# Available data
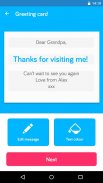 TouchNote | Personalised Cards screenshot 4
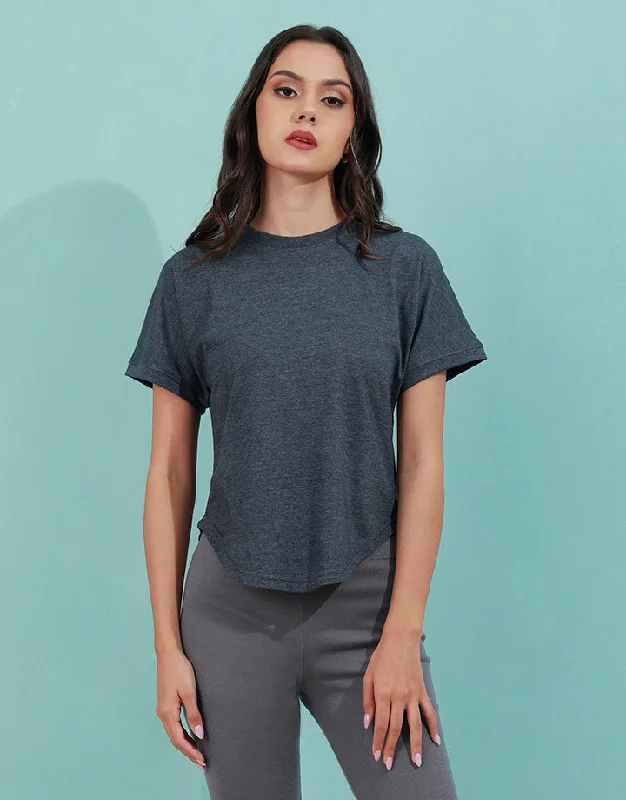 Maggi Sleeves T-Shirt Classic Women's Tweed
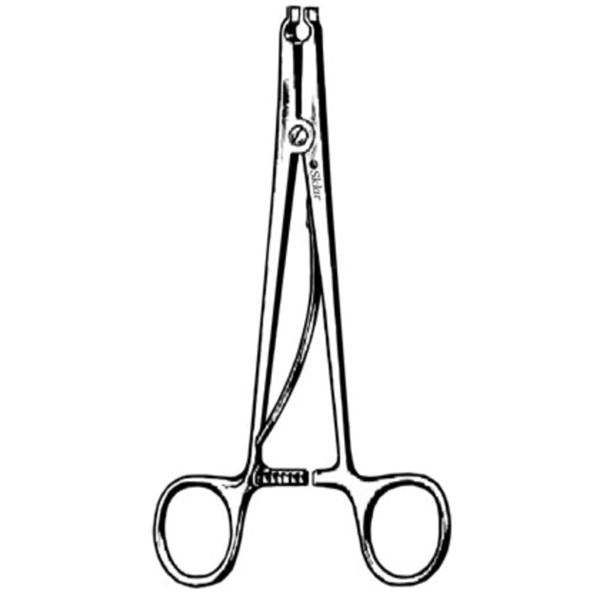 Forcep Raney 6-1/4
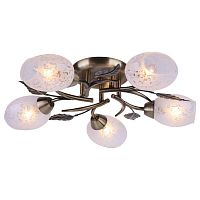 потолочная люстра arte lamp anetta a6157pl-5ab во Владивостоке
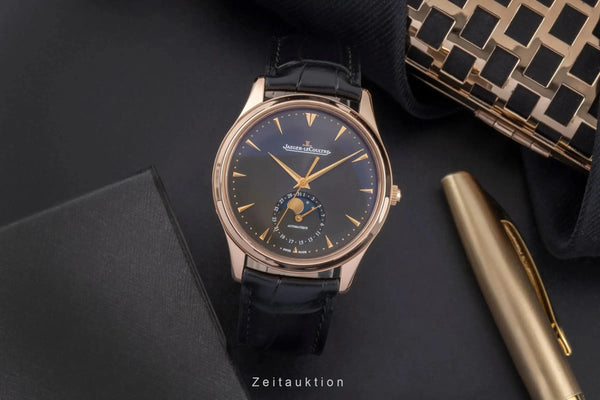 Jaeger-LeCoultreMaster Ultra Thin Moon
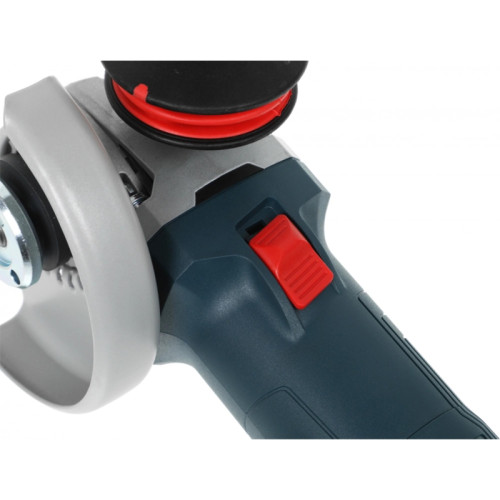 Углошлифовальная машина Bosch GWS 12-125 S 1200Вт 11000об/мин рез.шпин.:M14 d=125мм (06013A6020) Углошлифовальная машина Bosch GWS 12-125 S 1200Вт 11000об/мин рез.шпин.:M14 d=125мм (06013A6020)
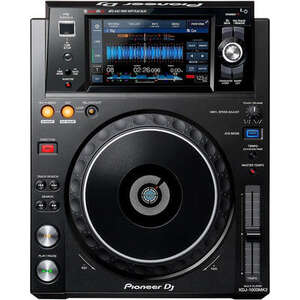 Pioneer DJ XDJ-1000 MK2 DJ Player - 1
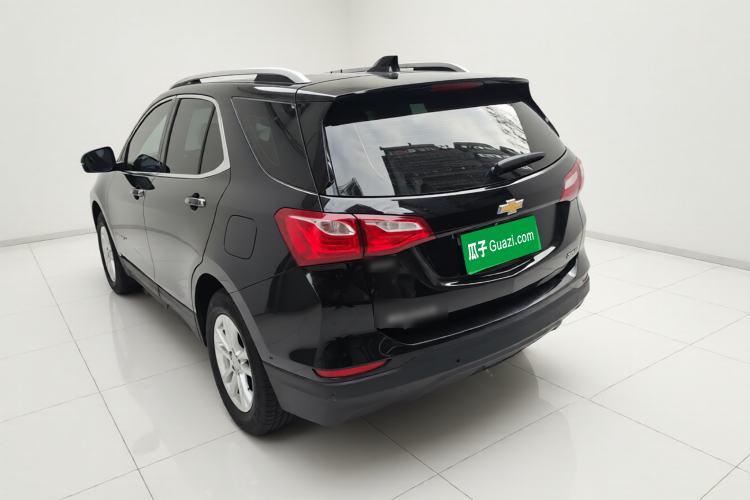 Used Chevrolet Equinox 2019 535T Automatic YuJie Edition China VI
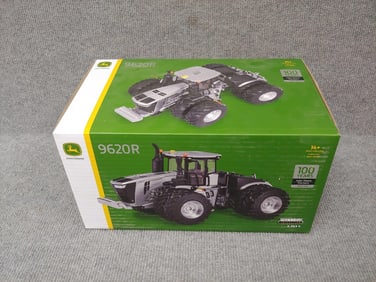 TOMY JOHN DEERE 9620R 100 YEARS ANN. EDITION PRESTIGE COLLECTION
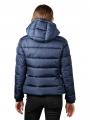 Save the Duck Tess Hodded Jacket Navy Blue - image 2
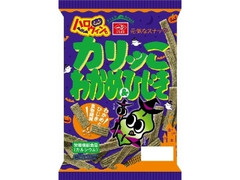 カリッこわかめ＆ひじき 袋58g ハロウィン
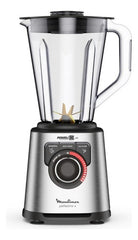 Licuadora Moulinex Lm82ad10 Perfect Mix De 1.75l 1200w - Plateado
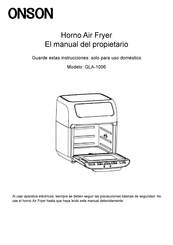 Onson GLA-1006 El Manual Del Propietario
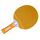 Ping-pong racket for training / competition | Orange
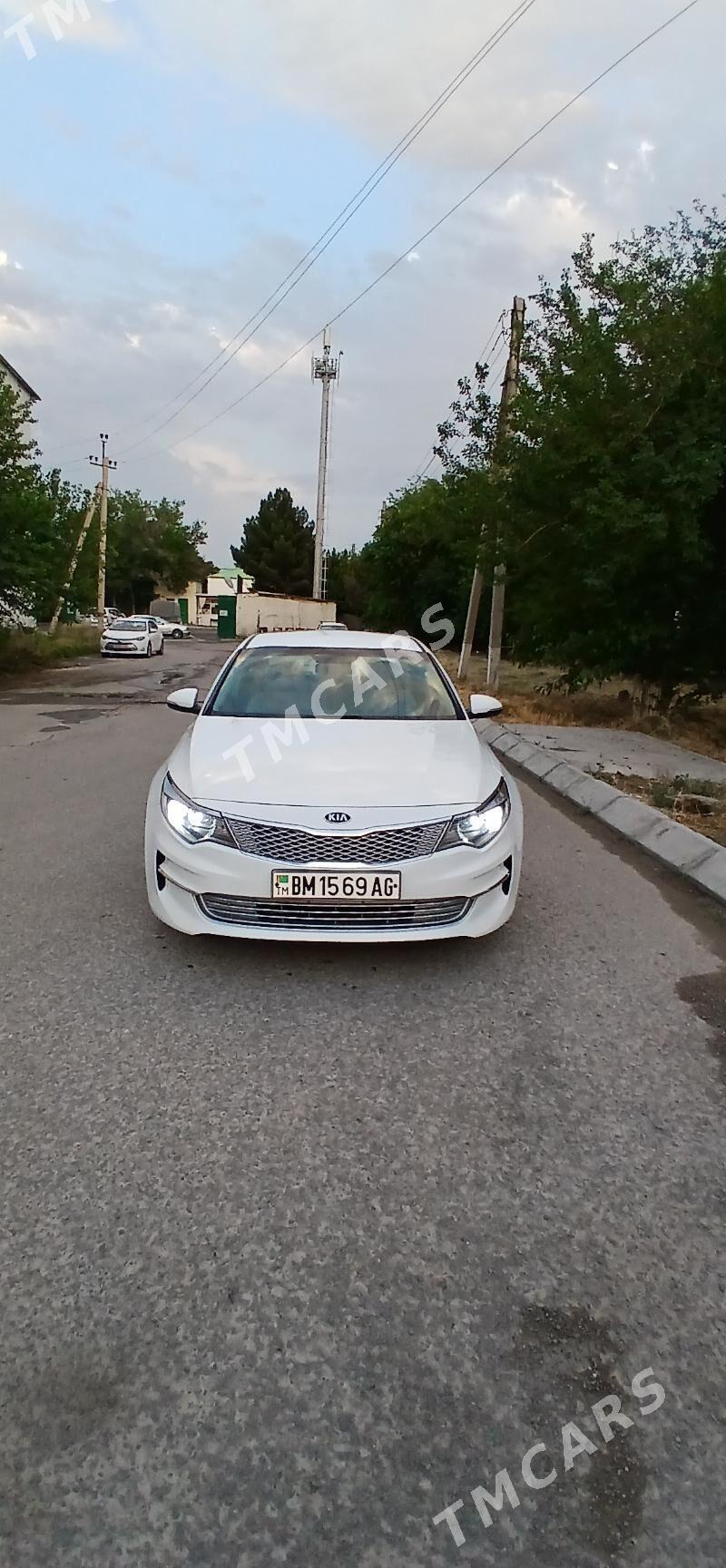 Kia Optima 2016 - 180 000 TMT - Гаудан "В" - img 2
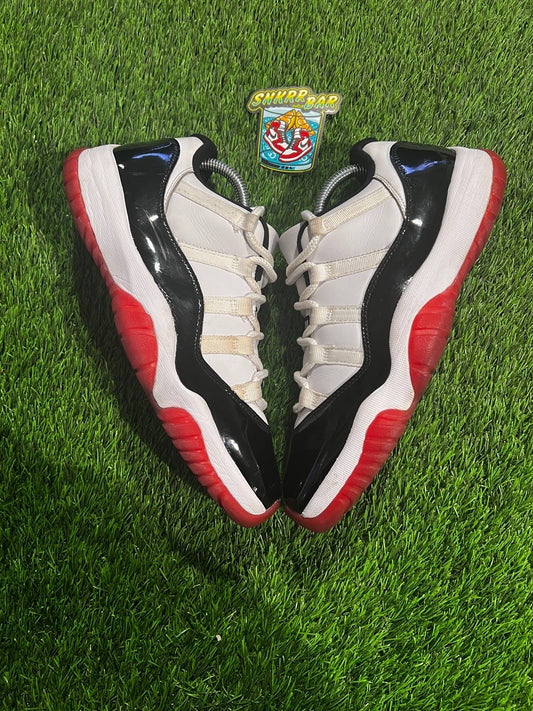 Jordan 11 Retro Low Concord Bred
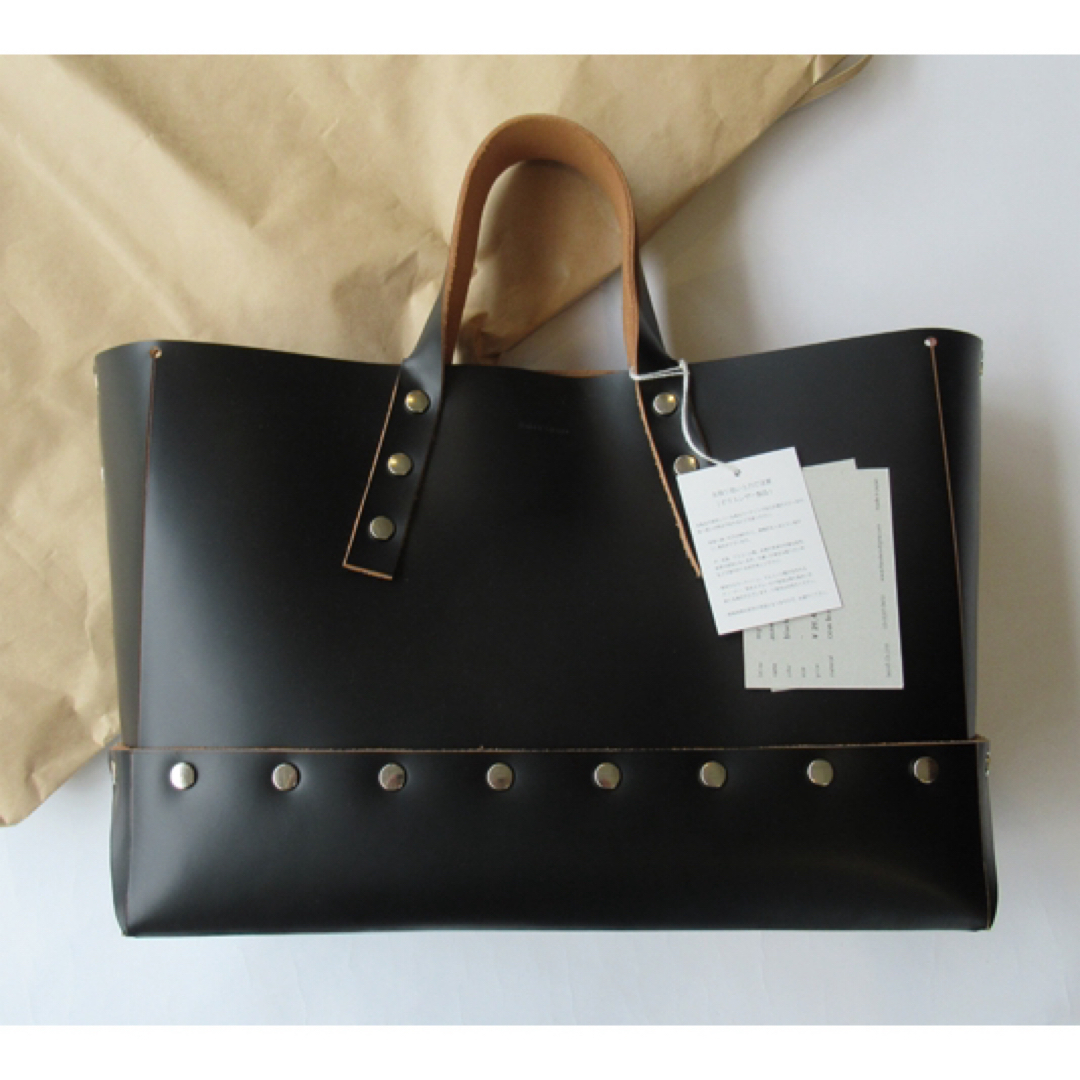Hender Scheme - Hender Scheme assemble rectangle bag Mの通販 by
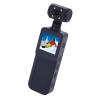 Pssopp 4K Action Camera, 40MP 135 Wide Angle Rotatable Lens with WiFi APP, 256GB Storage for Outdoor Sports Travel view 2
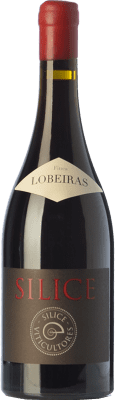107,95 € Free Shipping | Red wine Sílice Finca Lobeiras Crianza Spain Mencía, Brancellao, Merenzao Bottle 75 cl
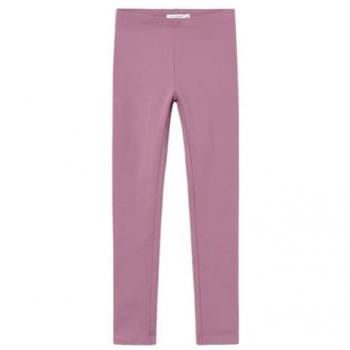 Mauve Orchid Girls Davina Leggings
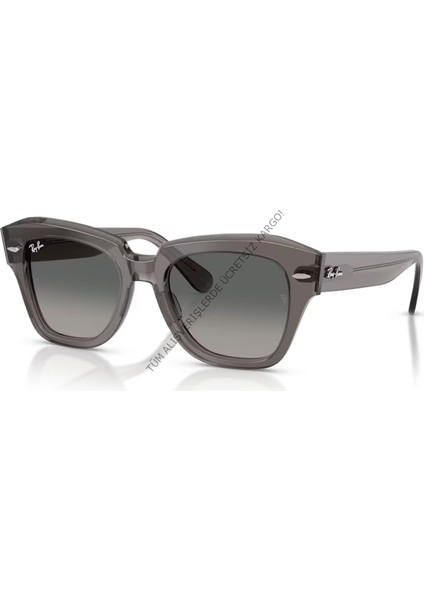Rayban 0RB2186 136971 49 Unisex Günes Gözlük fiyatları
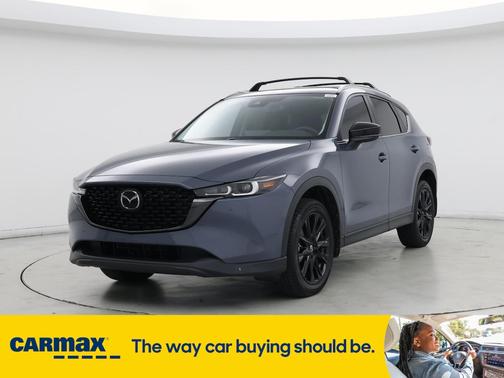 2024 Mazda CX-5 Carbon Edition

# Instructions to follow
Return, exactly as they appear, the lines from the line containing "TOMY JOHN DEERE" through the end of the records above, both ends included, without pictures.

# Problem solution
 TOMY JOHN DEERE 9620R 100 YEARS ANN. EDITION PRESTIGE COLLECTION
 Save the Duck Tess Hodded Jacket Navy Blue - image 2
 カリッこわかめ＆ひじき 袋58g ハロウィン
 Licuadora Moulinex Lm82ad10 Perfect Mix De 1.75l 1200w - Plateado
 Onson GLA-1006 El Manual Del Propietario
 Ping-pong racket for training / competition | Orange
 Kia Optima 2016 - 180 000 TMT - Гаудан "В" - img 2
 Jordan 11 Retro Low Concord Bred
Hender Scheme - Hender Scheme assemble rectangle bag Mの通販 by
 Pssopp 4K Action Camera, 40MP 135 Wide Angle Rotatable Lens with WiFi APP, 256GB Storage for Outdoor Sports Travel view 2
107,95 € Free Shipping | Red wine Sílice Finca Lobeiras Crianza Spain Mencía, Brancellao, Merenzao Bottle 75 cl
 Mauve Orchid Girls Davina Leggings
Rayban 0RB2186 136971 49 Unisex Günes Gözlük fiyatları
 2024 Mazda CX-5 Carbon Edition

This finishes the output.